DATASET SECTION:
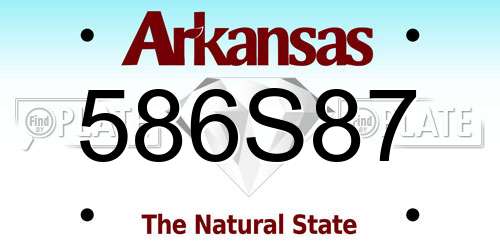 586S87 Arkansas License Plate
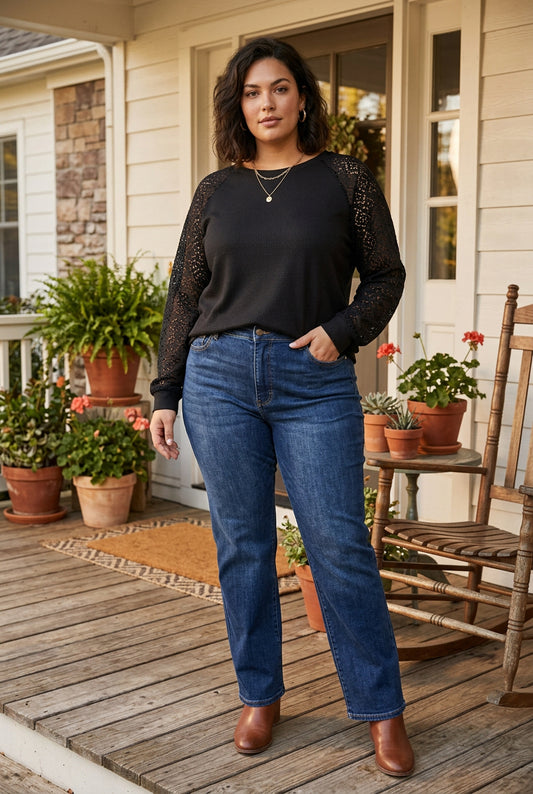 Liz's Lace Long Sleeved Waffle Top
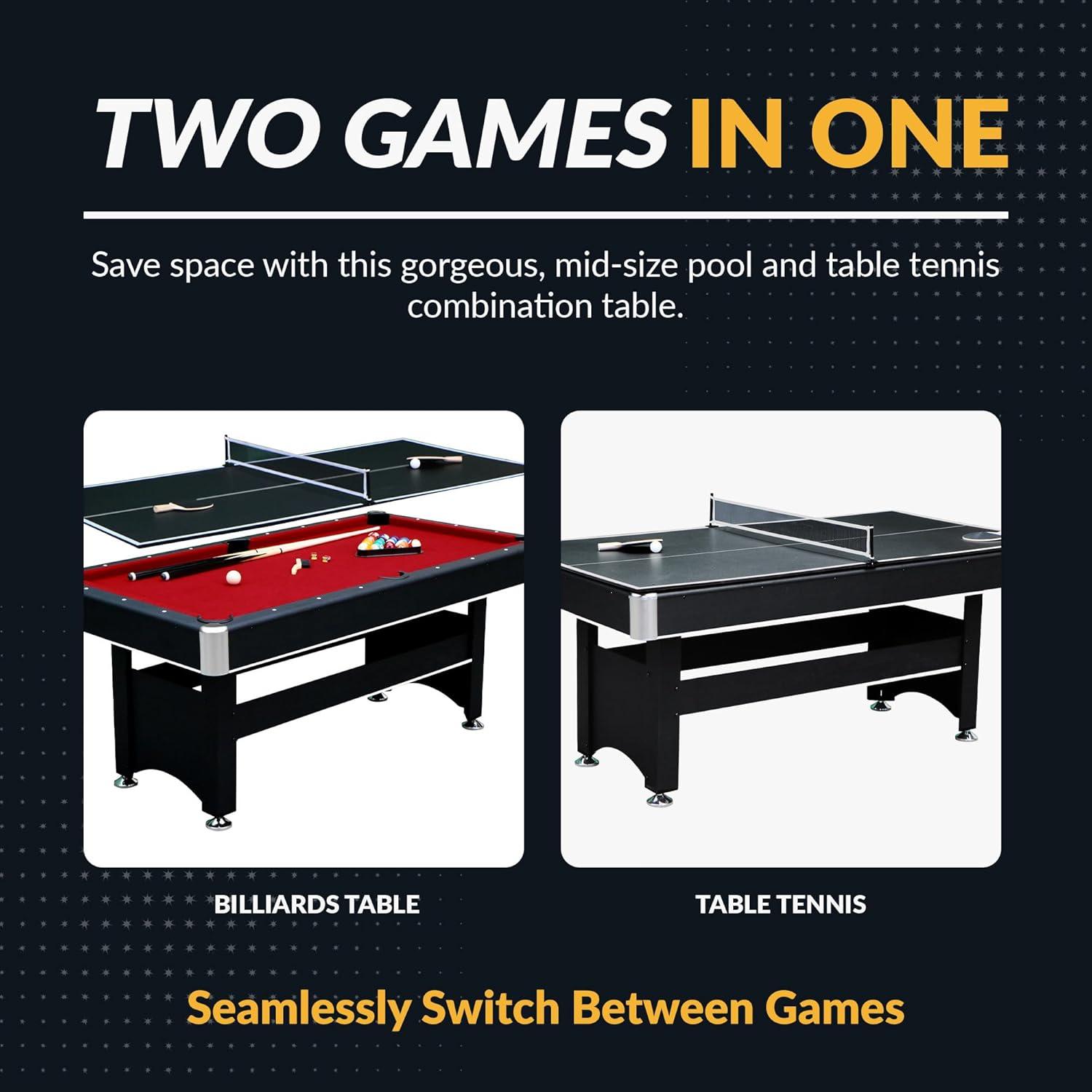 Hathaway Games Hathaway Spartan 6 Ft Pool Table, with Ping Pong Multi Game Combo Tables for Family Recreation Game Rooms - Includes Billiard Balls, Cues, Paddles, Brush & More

WHAT YOU ARE ASKED TO DO:
Your answer should contain all the material above, written out exactly, and none of the pictures.

EXERCISE SOLUTION:
 586S87 Arkansas License Plate
 Liz's Lace Long Sleeved Waffle Top
 Hathaway Games Hathaway Spartan 6 Ft Pool Table, with Ping Pong Multi Game Combo Tables for Family Recreation Game Rooms - Includes Billiard Balls, Cues, Paddles, Brush & More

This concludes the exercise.